By Nicole Collins, Co-Editor/Writer
The Woodruff Area Council recently elected new leadership to represent the businesses and community.
Sister and brother team Leslie Cash and Hunter Brown have taken on the leadership role of the area council, replacing Karyn Page-Davies who has been the chairperson since 2012.
Page-Davies decided to step down to focus more of her attention on MUSE 134, the downtown business she owns with her husband, and on Stone Soup Storytelling Institute, a local nonprofit she is president of.
“I thoroughly enjoyed my service as a leader in the area chamber,” said Page-Davies. “Woodruff has always been a community of resilience and persistence. I want to see the downtown flourish and I plan to do my part.”
For her replacement, Page-Davies sought out the younger generation of Woodruff’s community. “I think that through the wisdom of age that it’s better to have some young people involved in this pursuit. We want to be a community of growth and youth. We want to be vivid, vital and lively, but I think my energy is not what someone younger has,” said Page-Davies.
Cash, 36, and Brown, 31, represent the younger generation Page-Davies had in mind but more than that, the siblings have ties to the community and the businesses. They grew up working in all of the different businesses the Brown family has operated in Woodruff, including Brown’s Market and the Do Drive Inn.

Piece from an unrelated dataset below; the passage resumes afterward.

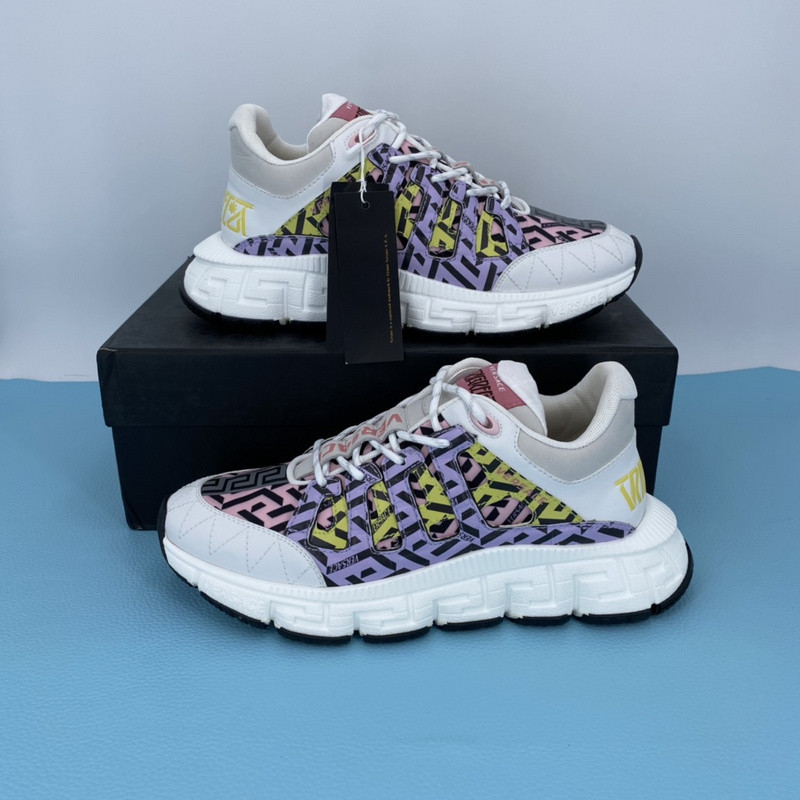 vs chain reaction sneakers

Though they both worked outside the area for a while, but managed to find their way back. Cash is now in co-management at the Country Meat Center, a family business located in the Brown’s Crossing plaza on Hwy 221, and Brown works a little further down 221 where he is vice president at Palmetto Vermiculite. Since returning, both have also been involved with the local small business association and nonprofits, as well as attended area council meetings, so that they could see what the need was here and how they could contribute.
“Woodruff is a part of who we are. We’re very passionate about the growth of Woodruff and I think that other people need to see what amazing people we have, and what amazing hearts we have here in Woodruff. I want to show all the good that is here,” said Cash.
The Spartanburg Area Chamber of Commerce launched the area council program in 1987 to help connect the smaller areas of the county to the larger chamber. The area councils are divided into six zones with the Woodruff Area Council including the businesses in Spartanburg School District 4.
Any business that is already a member of the chamber is automatically a member of the area council it is located in. However, a business or nonprofit does not have to be a member of the Spartanburg Chamber to be a member of its local council.
John Kimbrell, Chief Business Affairs Officer for the Spartanburg Area Chamber of Commerce, said that business members of the area councils benefit by developing and nurturing new and existing clients, having a voice and being an advocate to local issues, communication and important issues.
“We’re excited to have Hunter and Leslie take the reins of the Woodruff Area Council. Karyn was very successful in that role for many years. Woodruff has a lot of momentum. It is important that the leadership of the Council capture this enthusiasm and build upon it. People want to be a part of success and Woodruff is experiencing that now,” said Kimbrell.
While the Spartanburg Chamber provides administrative support, the initiatives of the council will be Woodruff focused. Brown said that he and Cash will be the active voice for the community, making sure that ideas and issues are passed on to the Chamber, but they do have their own personal initiatives they want this council to strive towards.
Additionally, Brown has insight in chamber operations from his current role as the Communication Chair on the Spartanburg Young Professional’s board. He will be rolling off that board in October to focus his attention on the Woodruff Area Council.
“It’s the Spartanburg Area Chamber of Commerce, but so many people focus on it being just the Spartanburg Chamber of Commerce. It was always my goal when I was on the Young Professionals board to make sure all the county was represented in everything that we did. I think we can do more of that now being so hands-on on the Woodruff side,” said Brown.
One of the Woodruff council’s responsibility has been organizing the annual Woodruff Christmas parade. Beyond the parade, Cash and Brown plan on finding other opportunities throughout the year that will involve businesses and help the community.
“We’re going to have to feel out what the need is and find a solution to meet it. Everybody’s voice needs to be heard. I want to hear everything. The first year is going to be finding the best ways to move forward,” said Cash
To start, Cash and Brown will be hosting a Zoom launch meeting on Aug. 25 at 10 a.m. with the goal of getting everyone who wants to participate in the same place to start sharing ideas. For details or how to sign up for the meeting, visit the Woodruff Area Council’s event page here.
“We’re very excited and want to facilitate as much positivity and passion for Woodruff as we possibly can,” said Cash.